* DATA BLOCK
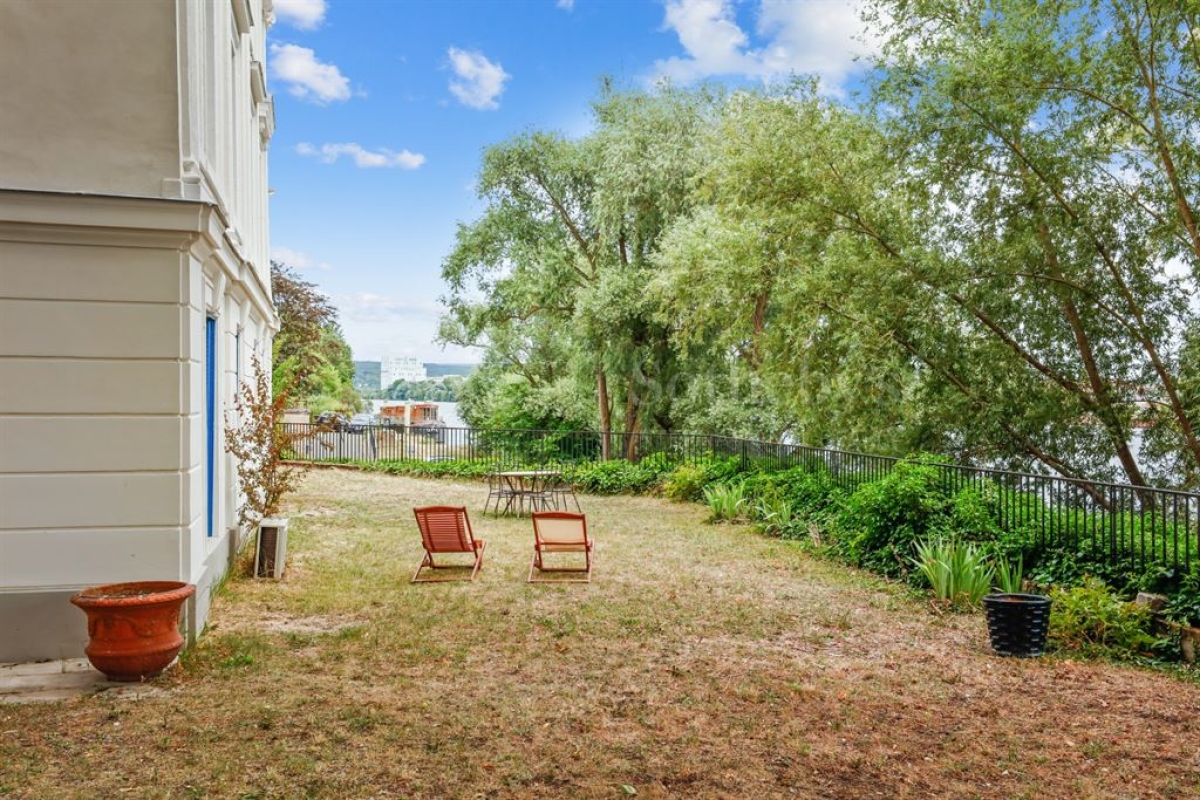 Luxury Apartment for sale in Meulan-en-Yvelines, 640 000 €, Photo 3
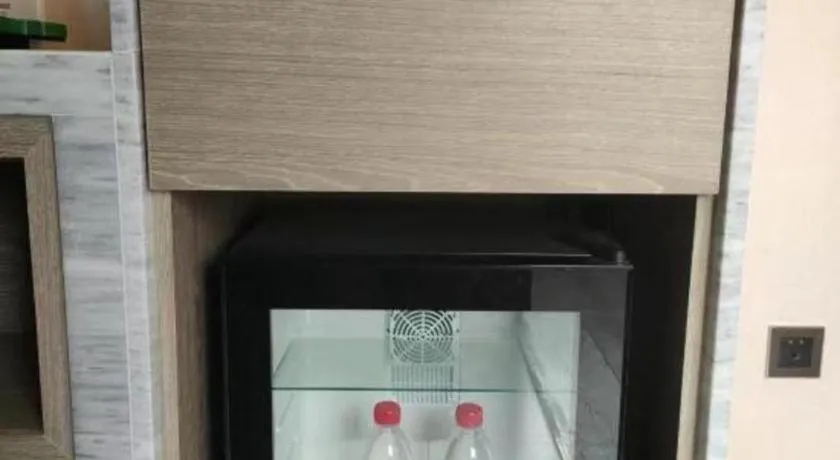 Echarm Plus Hotel Hangzhou Binjiang Xingguang Avenue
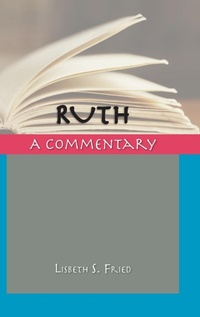 Enlarge image Cover: Ruth - Sheffield Phoenix Press Ltd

* EXERCISE
Reproduce the data word for word without its images.

* FINAL ANSWER
 Luxury Apartment for sale in Meulan-en-Yvelines, 640 000 €, Photo 3
 Echarm Plus Hotel Hangzhou Binjiang Xingguang Avenue
 Enlarge image Cover: Ruth - Sheffield Phoenix Press Ltd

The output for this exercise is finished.